** Required work **
The required result is an exact copy of every line from the one with "Detail of hand-woven cream" through the last line below, with the pictures left out.

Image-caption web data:
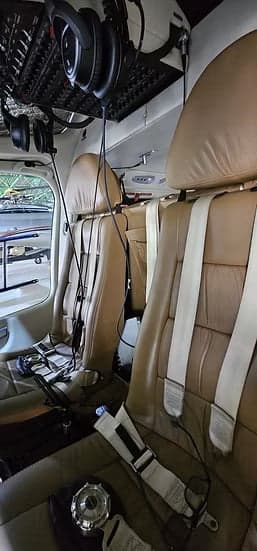 A view of the tan leather seats in the helicopter cabin.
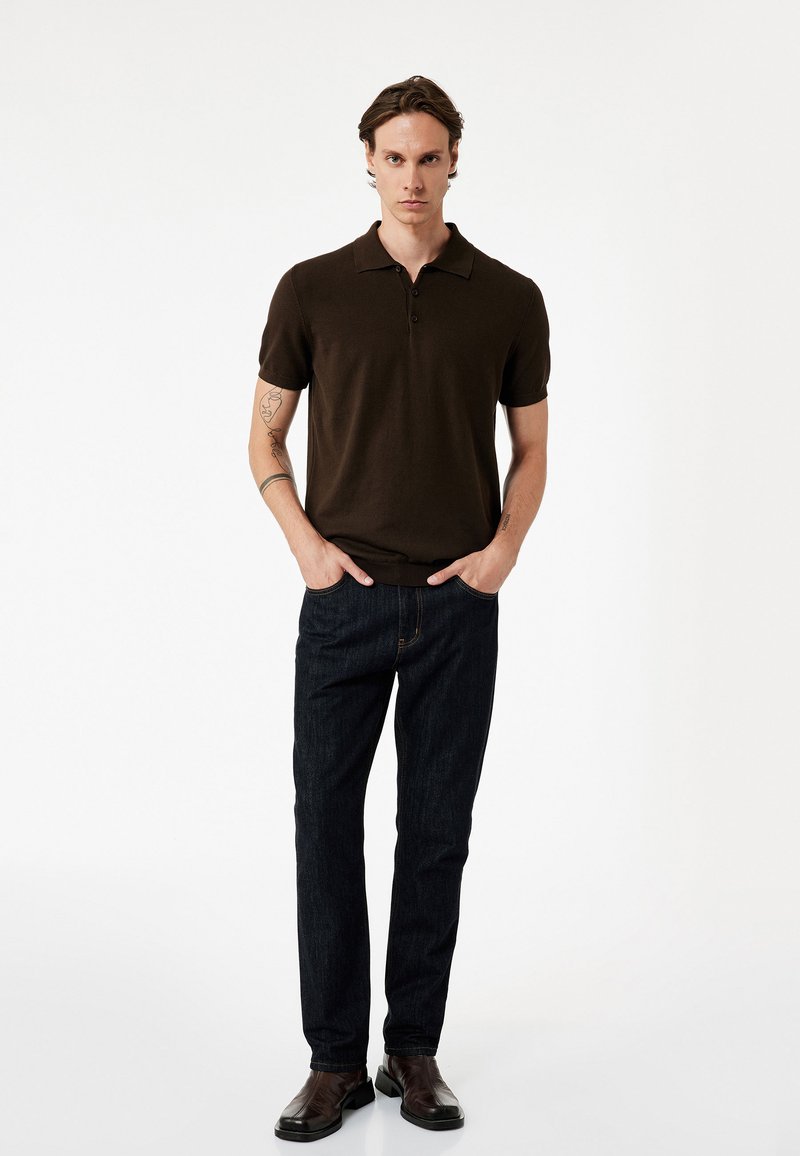 Polo de color marrón oscuro con mangas cortas y dos botones, combinado con unos pantalones vaqueros oscuros y zapatos oscuros, con un diseño ajustado.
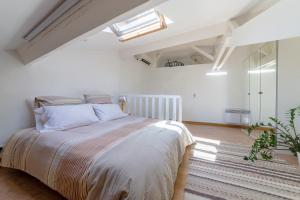 a bedroom with a large bed in a white room at Apartment on Dante street next to the sea in Nice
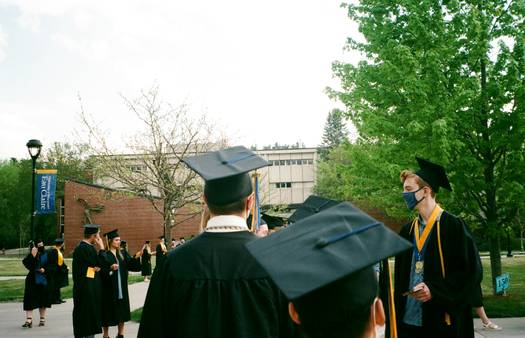 A university campus in Canada, a graduation cap, and a student holding a tax form for tuition credits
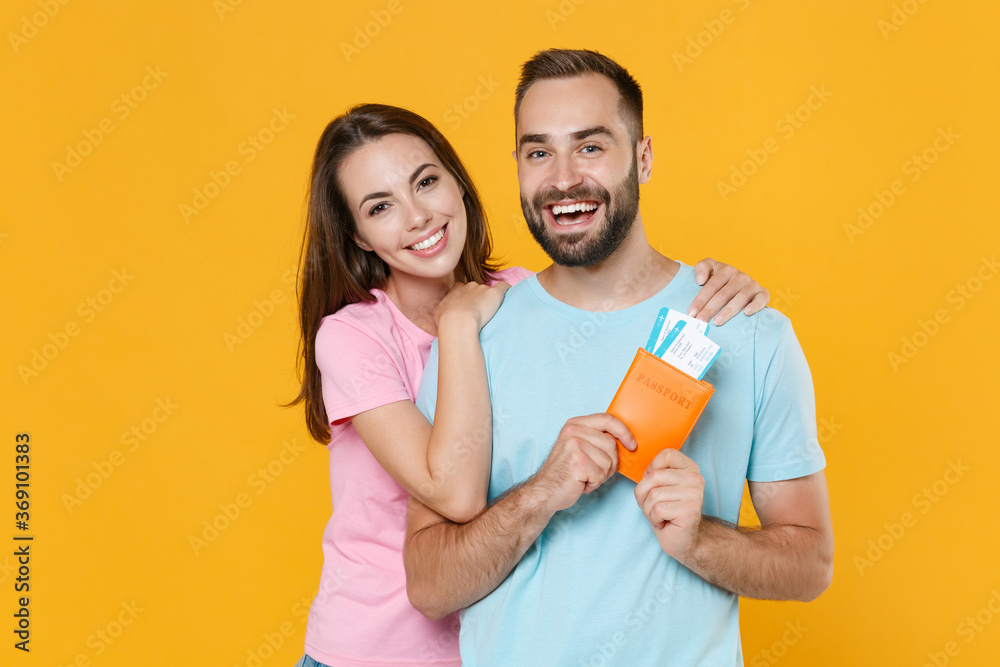 Cheerful young couple friends guy girl in blue pink t-shirts isolated on yellow background. Passenger traveling abroad on weekends getaway. Air flight journey concept. Hold passport tickets, hugging. Cheerful young couple friends guy girl in blue pink t-shirts isolated on yellow background. Passenger traveling abroad on weekends getaway. Air flight journey concept. Hold passport tickets, hugging.
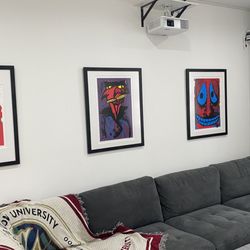 Jimmy's Custom Framing - Photo from a collector's home with three custom framed pieces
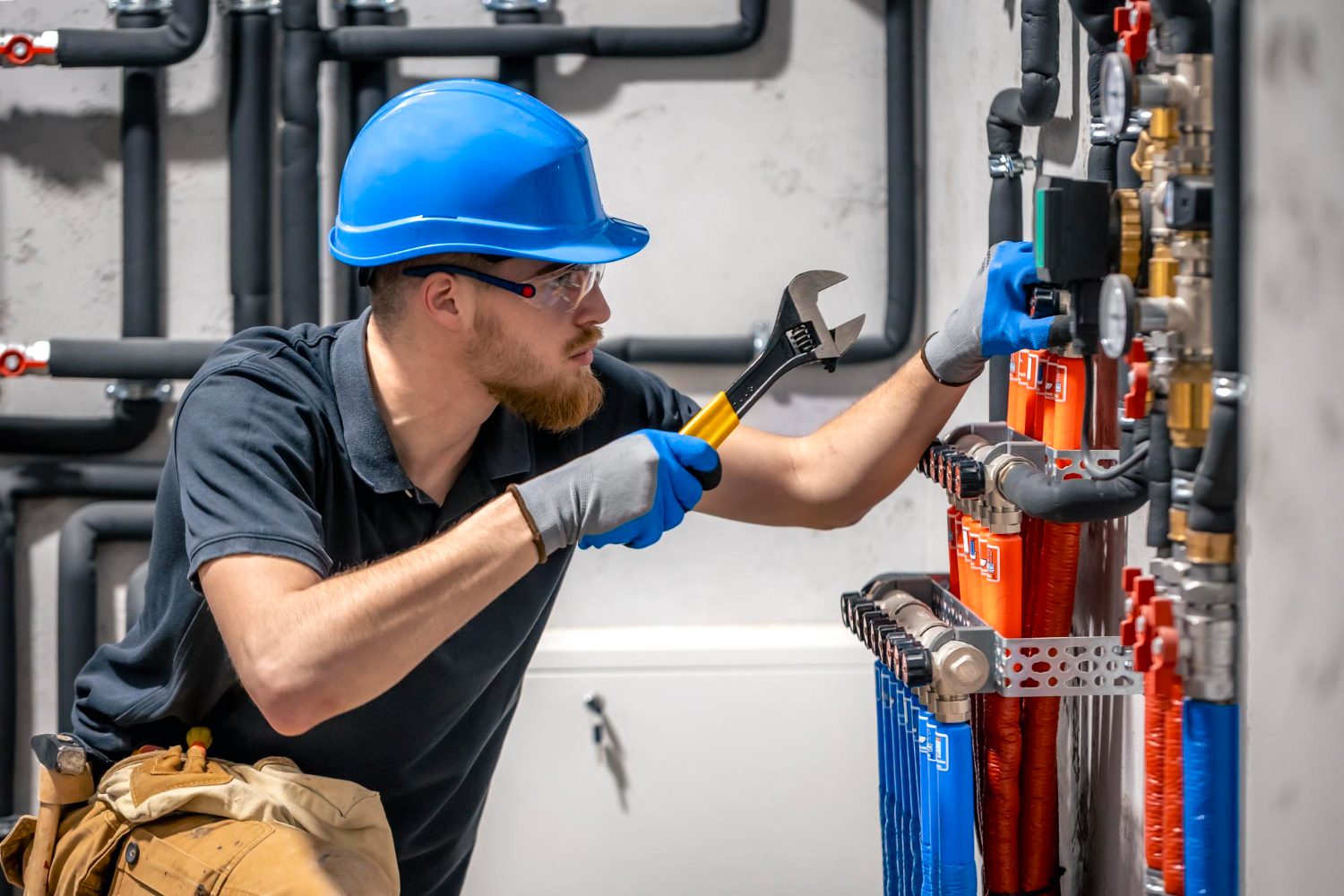 Technician using a wrench to service insulated mechanical pipes and valves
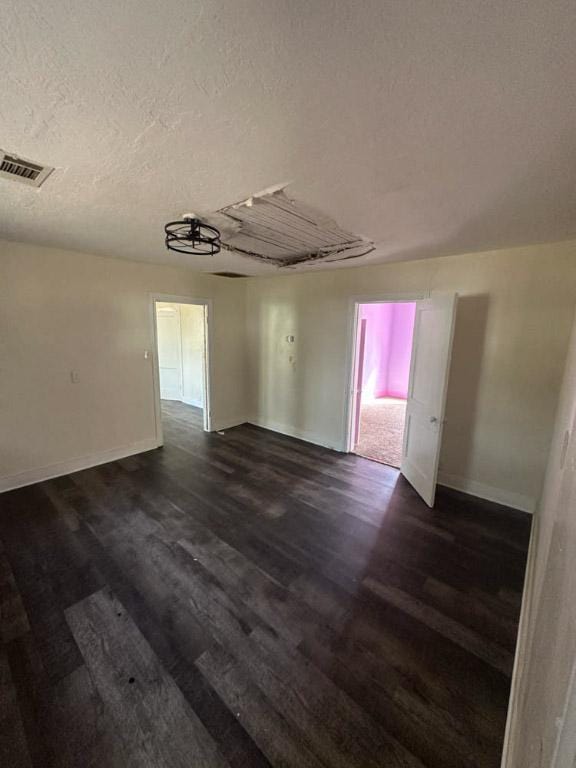 unfurnished room featuring a textured ceiling and dark wood-type flooring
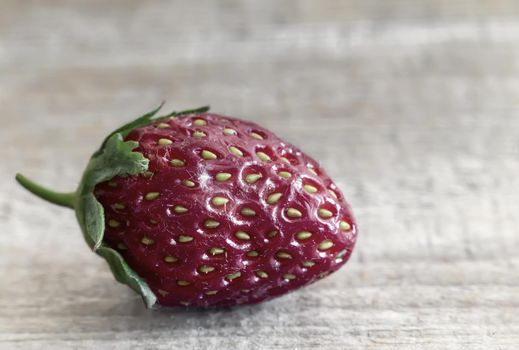 On wooden table one ripe strawberries. Presented close-up.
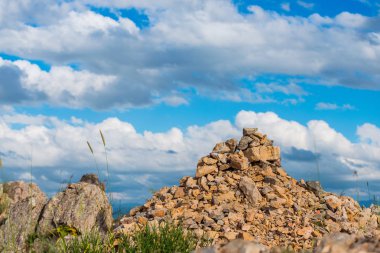 Yüksek dağlar. Taşlar ve cobblestones dağın üzerinde. Doğada bitki örtüsü. Dağlarda çiçeklenme. Taşlı yamaçlarda. Mavi gökyüzü. Doğa güneşli bir günde.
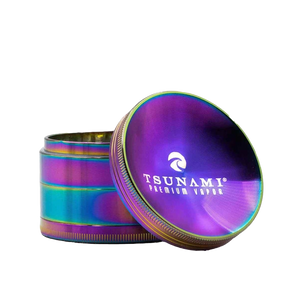 A 63mm Tsunami herb grinder with a distinctive caved top, showing its diamond-cut teeth and four-piece chamber design.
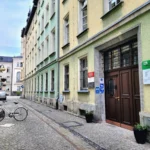 Narrow cobblestone street lined with pastel-colored buildings, a white bicycle at a bike rack, and a brown doorway.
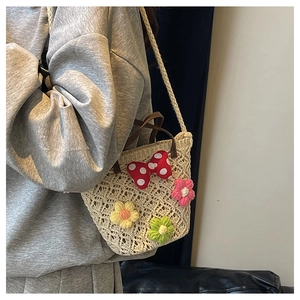 Detail of hand-woven crochet bucket bag featuring colorful 3D flowers and polka dot bow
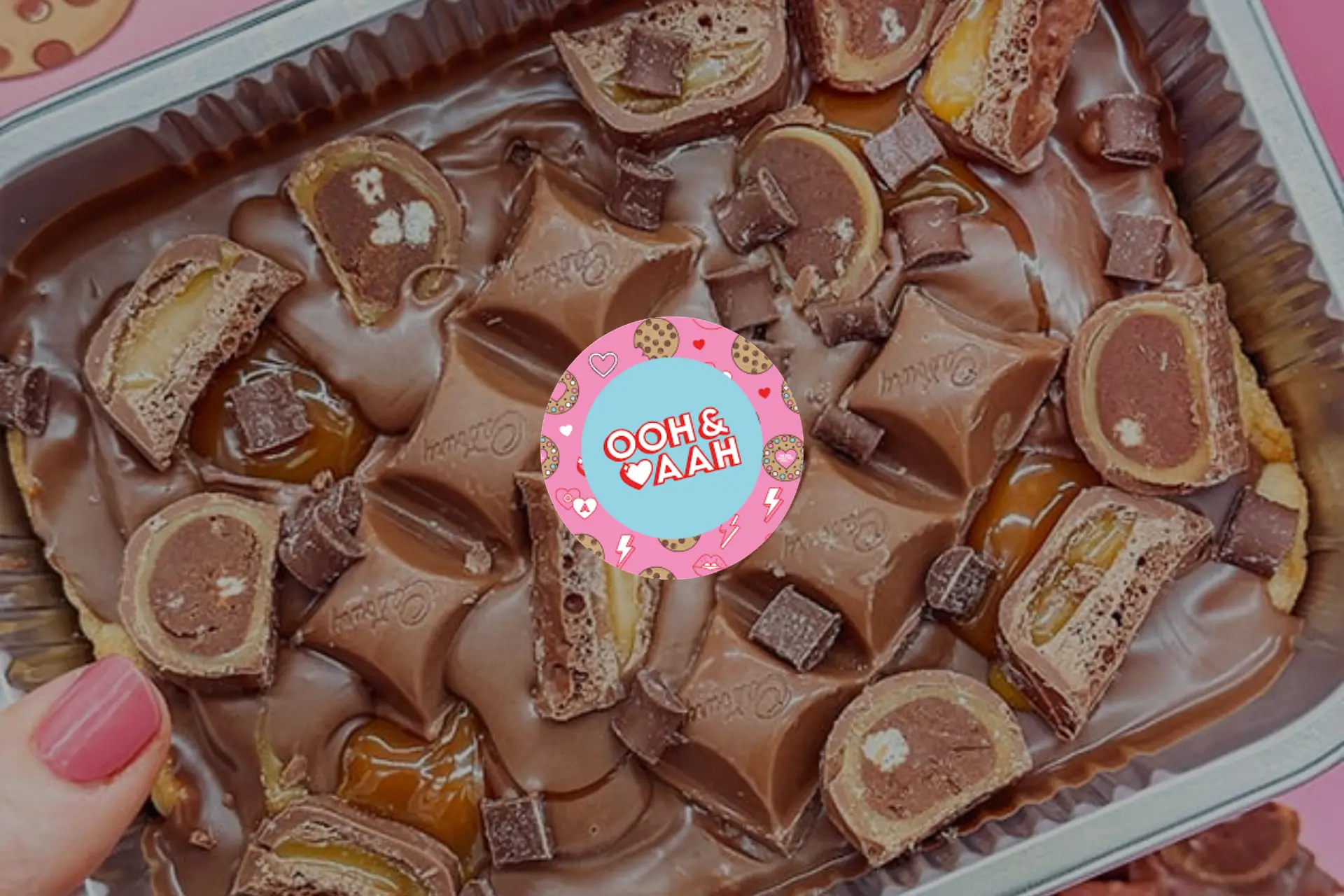 A close up of a chocolate dessert with a pink heart shaped logo.
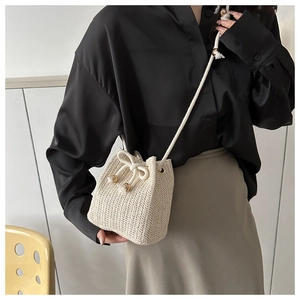 Detail of hand-woven cream bucket bag featuring drawstring closure and bow decoration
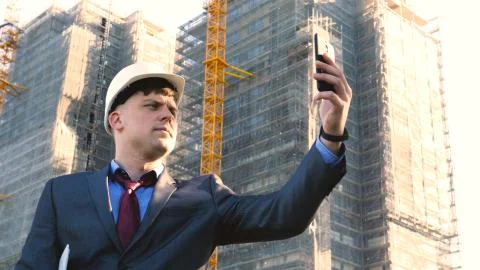 Builder or engineer, stands with his back looking at the buildings Stock Photos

** Written answer **
 Detail of hand-woven cream bucket bag featuring drawstring closure and bow decoration
 Builder or engineer, stands with his back looking at the buildings Stock Photos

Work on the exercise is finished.